И людям не отказать в разнообразии. Психологам известны супружеские пары, которые соглашаются давать друг другу свободу. Доктор Спринг считает, что от измен сильней всего страдают люди, которым изменили внезапно и тайно. Во время нашей беседы я спросила ее, какие она предлагает превентивные меры.
Д. С.
Честность. Скажем, муж приходит ко мне и говорит: “Я хочу иметь еще одну
сексуальную партнершу. Я тебя по-прежнему люблю, нахожу тебя привлекательной и
сексопильной. Но мне нужно приключение, разнообразие”. На это я могу сказать:
“Я тоже, честно говоря, хочу приключения, поэтому не буду отказывать тебе в
этом удовольствии”. Или я могу сказать: “Спасибо за прямоту. Рада, что ты не
сделал это за моей спиной. Но я подаю на развод, потому что предложенный тобой
вариант брака — абсолютно не для меня”.
М. Е. Но это
все-таки, доктор, совершенно нереальный разговор — словно со страниц учебника.
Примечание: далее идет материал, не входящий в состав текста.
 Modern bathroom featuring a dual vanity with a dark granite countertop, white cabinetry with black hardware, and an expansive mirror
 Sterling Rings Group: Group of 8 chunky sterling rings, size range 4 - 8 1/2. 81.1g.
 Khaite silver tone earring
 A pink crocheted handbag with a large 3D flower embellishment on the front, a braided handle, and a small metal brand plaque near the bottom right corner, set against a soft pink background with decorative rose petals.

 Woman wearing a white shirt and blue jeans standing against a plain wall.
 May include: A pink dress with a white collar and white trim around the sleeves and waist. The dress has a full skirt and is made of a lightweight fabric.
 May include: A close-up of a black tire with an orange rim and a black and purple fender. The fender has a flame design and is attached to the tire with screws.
Кто способен на такую рациональность? Подобное предложение в девяти случаях из
десяти вызовет шок, слезы, ссоры, словом, те же страдания.
Д. С. Но в
этом, по крайней мере, есть уважение к партнеру. Мы не можем решать за другого
человека, мы обязаны дать ему выбор. Вся наша жизнь — сплошной выбор. Мы хотим
спать, но выбираем зарядку, потому что это нужно для здоровья. Мы хотим
заниматься творчеством, но выбираем заработки, потому что они необходимы семье.
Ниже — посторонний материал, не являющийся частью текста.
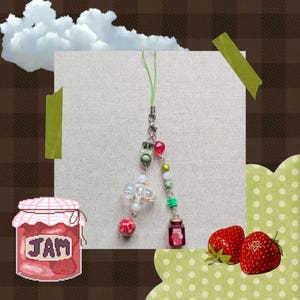 May include: A beaded charm with a green cord, featuring colourful beads in red, green, and clear. A small glass bottle charm with a strawberry design hangs below. The image also includes a strawberry jam jar illustration and two fresh strawberries.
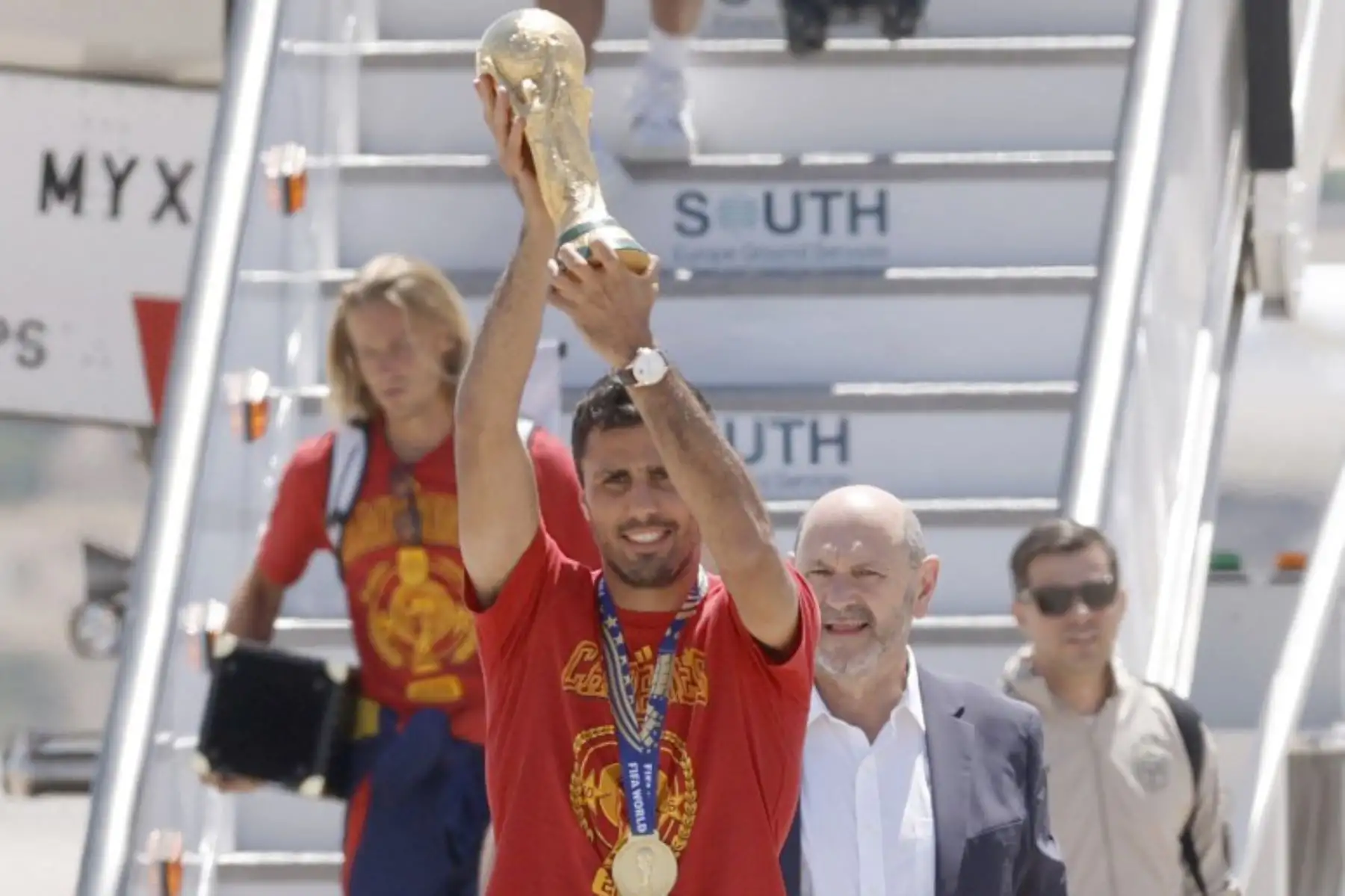 El seleccionador de la selección española de fútbol, ​​Luis de la Fuente, el centrocampista Rodri  y el presidente de la Federación Española de Fútbol, ​​Rafael Louzán, posan con el trofeo a su llegada desde Estados Unidos tras ganar la Copa del Mundo de 2026. Foto: AFP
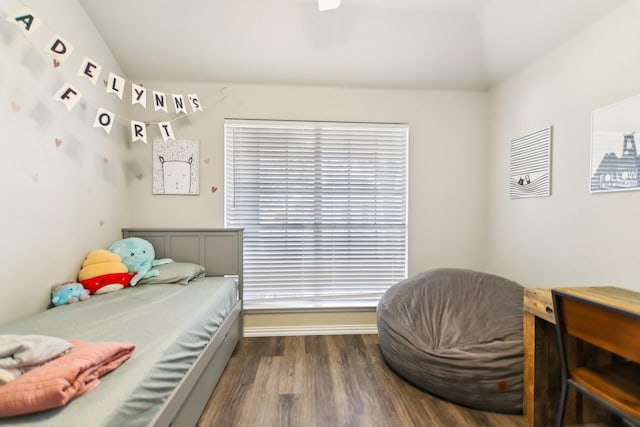 bedroom featuring baseboards and wood finished floors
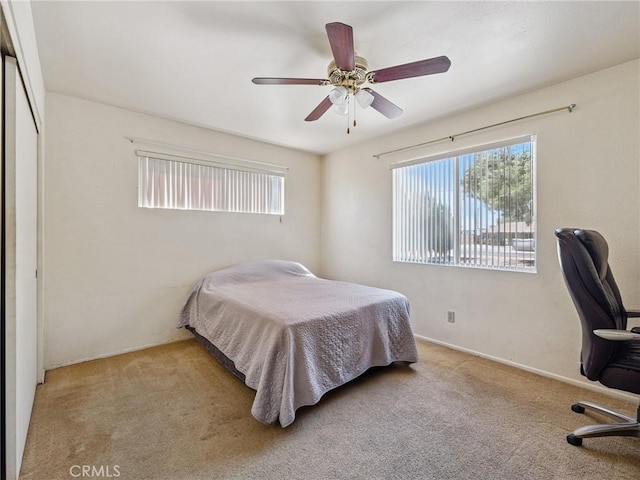 14719 Juniper St, Hesperia, CA 92345 - carpeted bedroom with a desk and a ceiling fan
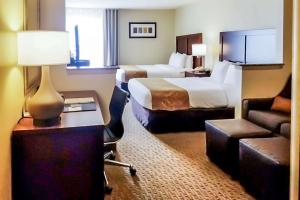 a hotel room with a bedroom with a bed and a couch at Quality Suites Las Colinas Center in Irving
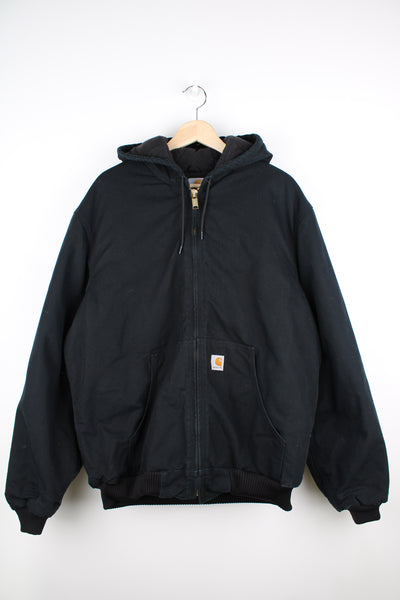 Carhartt black heavy duty cotton, hooded workwear jacket. features signature square label on the pocket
Мы хотим завести роман с женой друга, но при этом хотим сберечь и дружбу, и
любовь собственной жены. Редким людям удается и то и другое. Но у нас всегда
есть выбор. Это понимает каждый зрелый человек.
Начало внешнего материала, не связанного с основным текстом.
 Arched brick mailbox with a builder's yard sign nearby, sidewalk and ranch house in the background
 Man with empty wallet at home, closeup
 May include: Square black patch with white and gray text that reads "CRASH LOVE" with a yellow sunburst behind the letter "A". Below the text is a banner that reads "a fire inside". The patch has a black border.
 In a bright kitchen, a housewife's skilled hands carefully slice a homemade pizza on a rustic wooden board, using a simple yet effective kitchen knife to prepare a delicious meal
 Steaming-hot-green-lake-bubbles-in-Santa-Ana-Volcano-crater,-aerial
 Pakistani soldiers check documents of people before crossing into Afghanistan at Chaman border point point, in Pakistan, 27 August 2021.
Зачем изобретать велосипед? В Европе веками общество смотрело на адюльтеры сквозь пальцы, никак это не декларируя и не формулируя. Браки всегда имели тайны. В Америке недавно прошел телесериал “Кеннеди” — о семейных отношениях знаменитого клана. И там глава клана — Джозеф Кеннеди (человек скверный, но умный) говорит Джону Кеннеди, который постоянно подвергает опасности свой брак с Жаклин частыми и плохо скрытыми изменами: “Жены, — говорит он, — прощают нам измены. Но они не прощают, когда мы швыряем их им в лицо. Поэтому соблюдай тайну”. Правда, Стефани Кунц считает такой путь уделом немногих. Он — не для простых американцев, любящих ясность и справедливость:
Мы до сих пор — общество
индивидуалистов. У большинства американцев нет круга друзей, нет тесных связей,
основанных на родстве душ, которые научили бы их не упрощать отношения и
смотреть на брак шире. Для них брак со свободным выходом и входом — терра
инкогнита. Правда сейчас, когда американцы стали вступать в брак не столь
юными, уже с долгим опытом сексуальных отношений, мы, возможно, приблизимся к
обществам, в которых люди не путают сексуальное влечение с любовью. Но пока мы
кладем все яйца в одну корзину — верной любви и сексуальной моногамии. И это
ведет к преувеличенной реакции на адюльтеры. Однако я сомневаюсь в пользе
пересмотра позиции общества в отношении моногамии и в пользе моральной
легализации супружеской неверности. Когда-то, в XVIII веке, любовью было то,
что происходило за пределами брака. Все бури были там. Но теперь, когда в брак
вступают по любви и сексуальному влечению, эти два могучих и довольно
неуправляемых чувства предъявляют свои права, и последствия нарушения этих прав трудно предугадать[6].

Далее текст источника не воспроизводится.